§ **YOUR TASK**: Return, word for word, only the lines of the data below that lie between the line with "May include: Abstract" and the line with "view of home's exterior with a garage", those two lines included.

§ **DATA**:
++++++++

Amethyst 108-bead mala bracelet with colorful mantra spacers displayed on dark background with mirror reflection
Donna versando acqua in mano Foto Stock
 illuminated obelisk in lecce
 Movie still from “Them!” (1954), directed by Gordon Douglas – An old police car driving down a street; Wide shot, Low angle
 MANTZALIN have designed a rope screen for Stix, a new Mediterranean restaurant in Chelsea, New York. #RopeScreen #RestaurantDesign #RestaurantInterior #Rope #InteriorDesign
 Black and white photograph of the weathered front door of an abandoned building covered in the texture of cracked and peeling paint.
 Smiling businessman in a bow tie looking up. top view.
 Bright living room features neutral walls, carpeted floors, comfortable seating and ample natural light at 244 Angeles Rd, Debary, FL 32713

++++++++

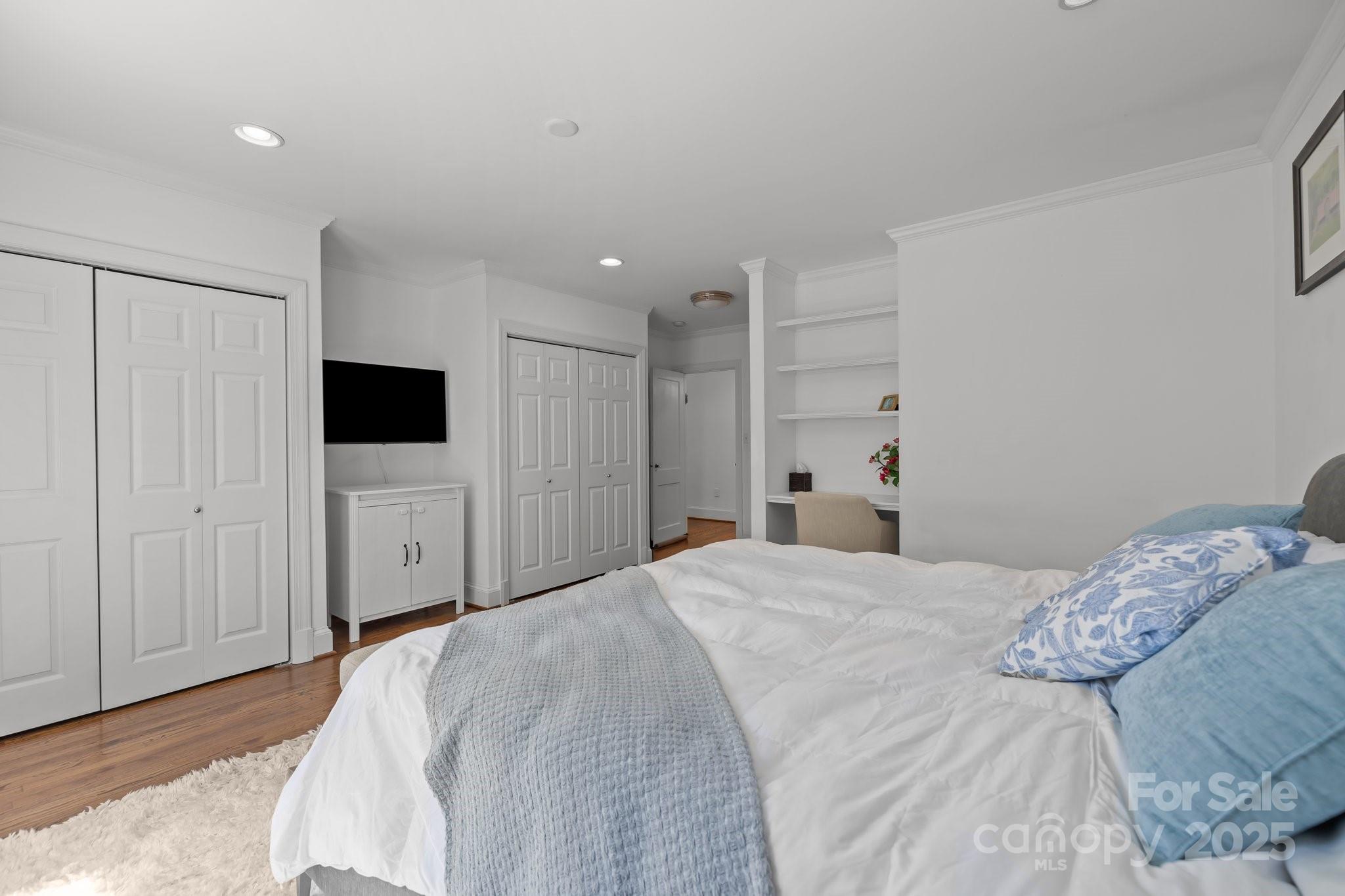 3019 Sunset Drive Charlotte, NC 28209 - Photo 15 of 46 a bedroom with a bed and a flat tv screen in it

++++++++

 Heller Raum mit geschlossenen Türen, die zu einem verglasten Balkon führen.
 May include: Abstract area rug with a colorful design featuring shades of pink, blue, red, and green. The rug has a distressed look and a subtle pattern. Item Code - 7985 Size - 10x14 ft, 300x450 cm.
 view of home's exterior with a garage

++++++++

§ **ANSWER AREA**:
 May include: Abstract area rug with a colorful design featuring shades of pink, blue, red, and green. The rug has a distressed look and a subtle pattern. Item Code - 7985 Size - 10x14 ft, 300x450 cm.
 view of home's exterior with a garage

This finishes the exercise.